The detector shown is an early design. The batteries can just be seen mounted on the underside of the box. The weight of the whole detector inc batteries and coil was just over 1kg, no steroid treatment required to allow a user to swing it all day.

regards
bugwhiskers

coil preamp

Hi BW
Looking at your coil preamp schematic I noticed 2 op amps .. seem to be running in parallel the AD8055 and NE5534. Is this so , is some sought of dual sampling going on here and then maybe averaging it out at a later stage. ??
Just curious. The finish product is looking ok.
gef

Hi gef12,

Thanks for your interest in the project.

The first preamp, the NE5534 has a gain of 1000 and provides most of the amplification. The AD8055's claim to fame is it is very fast and can drive low impedance devices like a cap that needs fast charging/discharging. The combined capacitance of the 64 caps is 64 * 0.1 uF or 6.4uF worst case which is quite large and must be done in 6.4uS at the fastest sample rate.

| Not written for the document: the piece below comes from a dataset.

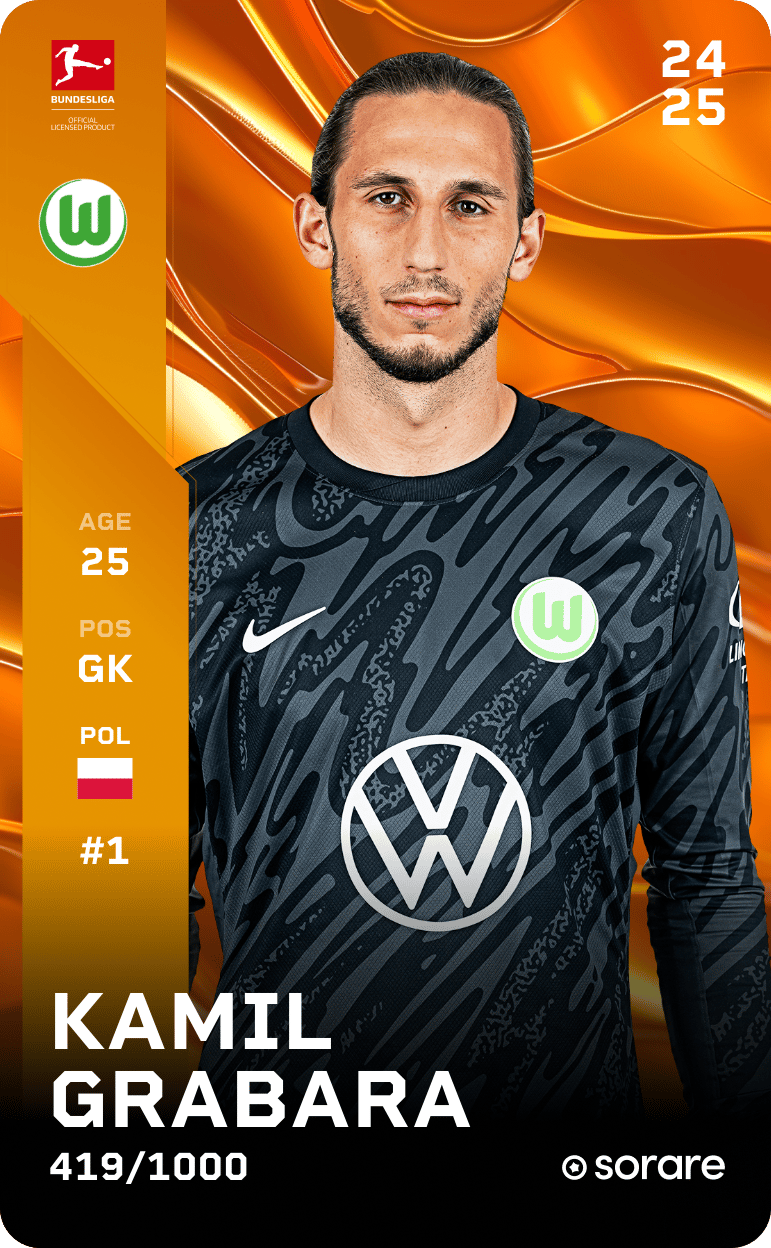 Kamil Grabara 2024-25 • Limited 419/1000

Essentially the 2nd preamp is just a buffer so as to not load the first stage. Now that the offset adjustment is going to the 2nd preamp I will be able to have some gain on it also. Because the AtoD converter must be fed a signal that ranges between GND and +5 volts the offset circuitry must ensure the signal doesn't go too far below GND.

Because this is a project that is still on the fly there will no doubt be some changes along the way.

Hoping this explains your question.

regards
bugwhiskers

hello how soon is this to be in kit form?
any idea of cost yet?